ESA has their own great news, this time on solid earth.
“ESA’s new tracking station in Malargüe, Argentina, will be formally inaugurated on 18 December 2012 and enter service early in 2013. The massive, 35 m-diameter antenna enables receipt of precious scientific data from current and future missions voyaging hundreds of millions of kilometres into our Solar System.
Inauguration of Malargüe also marks the completion of the Agency’s trio of deep-space antenna (DSA) stations as part of the ESTRACK network and confirms ESA as one of the world’s most technologically advanced space organisations.”
The European Space Agency (ESA), established in 1975, is an intergovernmental organization dedicated to the exploration of space, currently with 19 member states.
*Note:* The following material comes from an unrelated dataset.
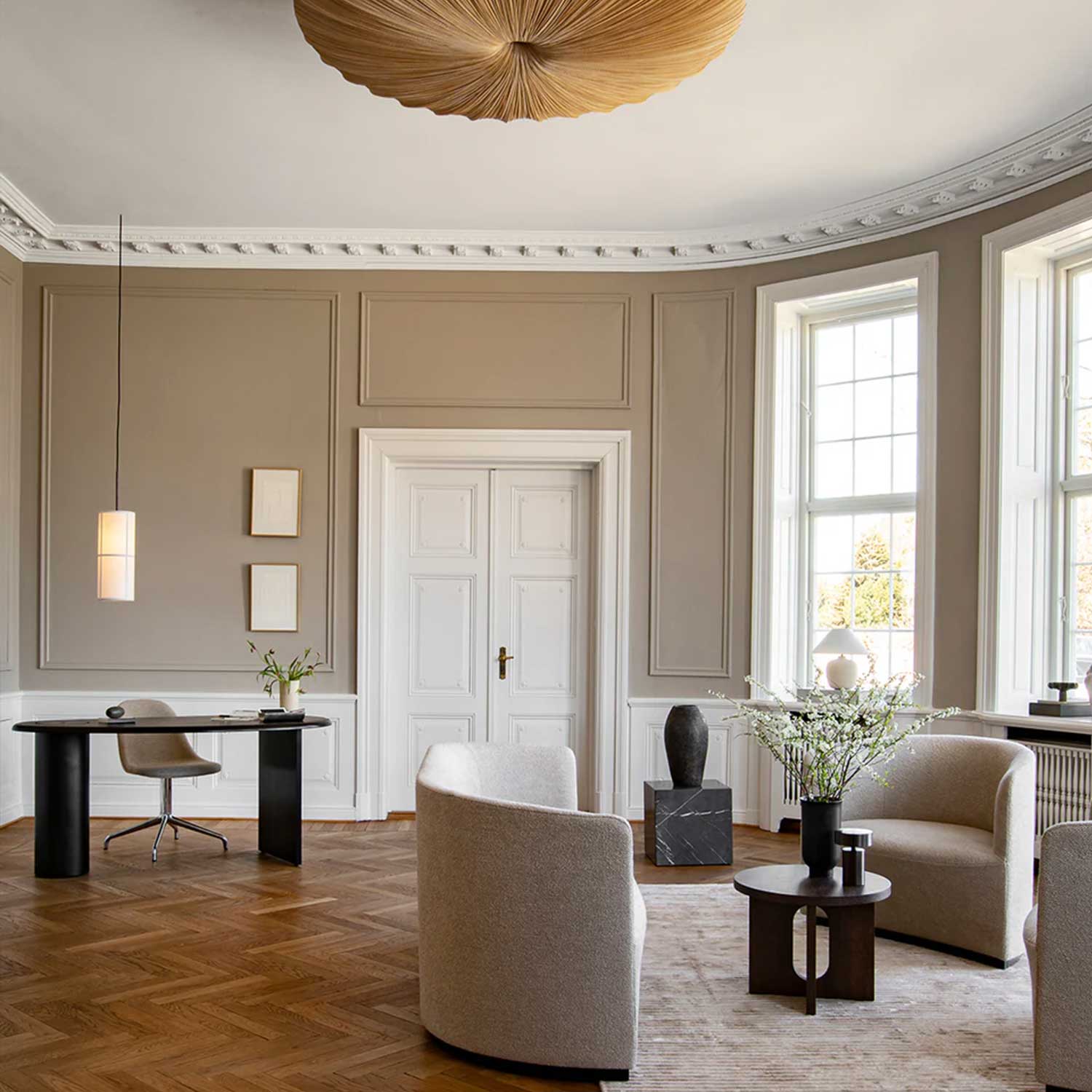 Audo - Androgyne Beistelltisch Dark Stained Oak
Headquartered in Paris, ESA has a staff of more than 2,000. ESA’s space flight program includes human spaceflight, mainly through the participation in the International Space Station program, the launch and operations of unmanned exploration missions to other planets and the Moon, Earth observation, science, telecommunication as well as maintaining a major spaceport, the Guiana Space Centre at Kourou, French Guiana, and designing launch vehicles. ESA science missions are based at ESTEC in Noordwijk, Netherlands, Earth Observation missions at ESRIN in Frascati, Italy, ESA Mission Control (ESOC) is in Darmstadt, Germany, the European Astronaut Centre (EAC) that trains astronauts for future missions is situated in Cologne, Germany, and the European Space Astronomy Centre is located in Villanueva de la Cañada, Spain.